Strike was putting down his fork with every mouthful, to make notes.
“Anyone go in or out after that?”
“Yeah, the caterers—they’d been up at the Bestiguis’ because they were having guests that night. An American couple arrived just after eight and went up to Flat One, and nobody come in or out till they left again, near midnight. Didn’t see no one else till Lula come home, round half past one.
“I heard the paps shouting her name outside. Big crowd by that time. A bunch of them had followed her from the nightclub, and there was a load waiting there already, looking out for Deeby Macc. He was supposedta be getting there round half twelve. Lula pressed the bell and I buzzed her in.”
“She didn’t punch the code into the keypad?”
“Not with them all around her; she wanted to get in quick. They were yelling, pressing in on her.”
“Couldn’t she have gone in through the underground car park and avoided them?”
“Yeah, she did that sometimes when Kieran was with her, ’cause she’d given him a control for the electric doors to the garage. But Mick didn’t have one, so it had to be the front.

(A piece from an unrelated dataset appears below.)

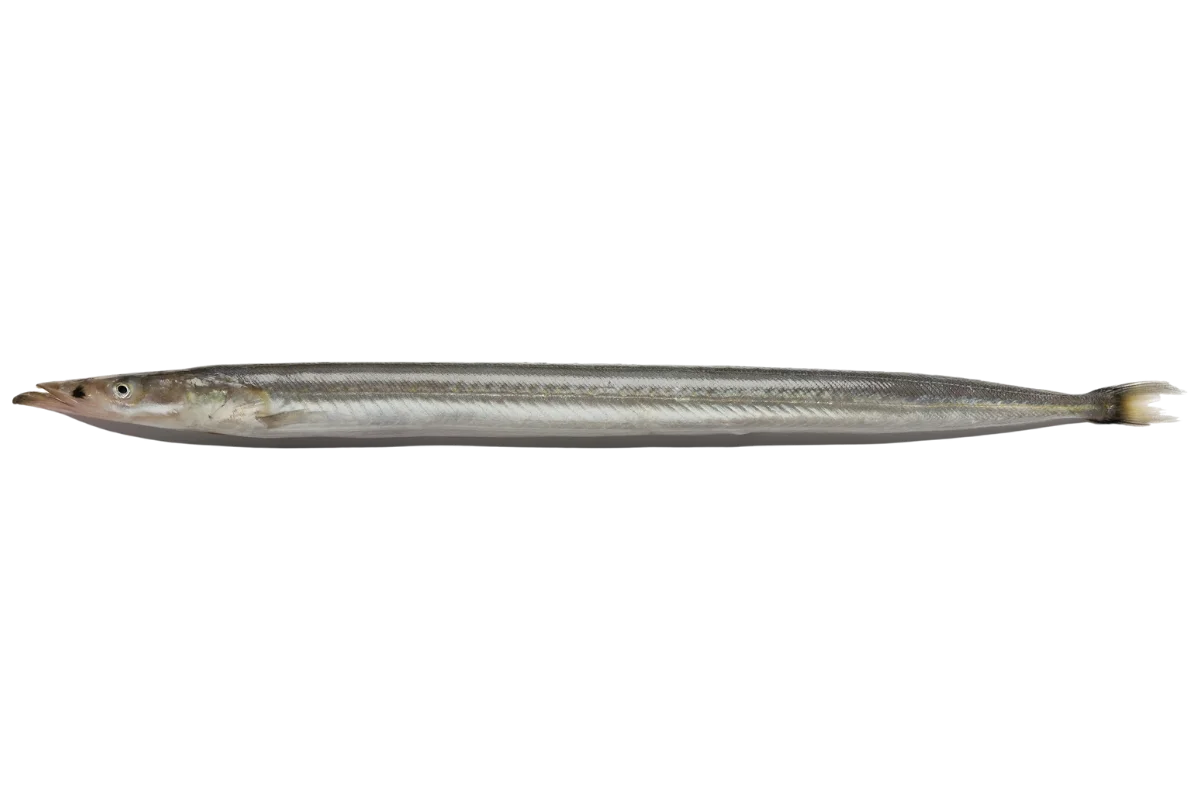 Mediterranean Sand Eel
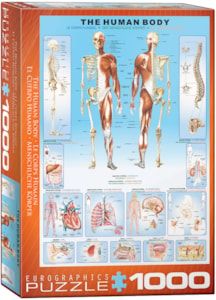 The Human Body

“I said good morning, and I asked about the snow, ’cause she had some in her hair; she was shivering, wearin’ a skimpy little dress. She said it was way below freezing, something like that. Then she said, ‘I wish they’d f**k off. Are they gonna stay there all night?’ ’Bout the paps. I told her they were still waiting for Deeby Macc; he was late. She looked pissed off. Then she got in the lift and went up to her flat.”
“She looked pissed off?”
“Yeah, really pissed off.”
“Suicidal pissed off?”
“No,” said Wilson. “Angry pissed off.”
“Then what happened?”
“Then,” said Wilson, “I had to go into the back room. My guts were starting to feel really bad. I needed the bathroom. Urgent, yuh know. I’d caught what Robson had. He was off sick with his belly. I was away maybe fifteen minutes. No choice. Never had the shits like it.
“I was still in the can when the bawling started. No,” he corrected himself, “first thing I heard was a bang. Big bang in the distance. I realized later, that must’ve been the body—Lula, I mean—falling.
“Then the bawlin’ started, getting louder, coming down the stairs. So I pull up my pants and go running out into the lobby, and there’s Mrs. Bestigui, shaking and screaming and acting like one mad bitch in her underwear. She says Lula’s dead, that she’s been pushed off her balcony by a man in her flat.
“I tell her to stay where she is and I run out the front door. And there she was. Lyin’ in the middle of the road, face down in the snow.”
Wilson swigged his tea, and continued to cradle the mug in his large hand as he said:
“Half her head was caved in. Blood in the snow. I could tell her neck was broken. And there was—yeah.”
The sweet and unmistakable smell of human brains seemed to fill Strike’s nostrils. He had smelled it many times. You never forgot.
“I ran back inside,” resumed Wilson. “Both the Bestiguis were in the lobby; he was tryin’ to get her back upstairs, inna some clothes, and she was still bawling. I told them to call the police and to keep an eye on the lift, in case he tried to come down that way.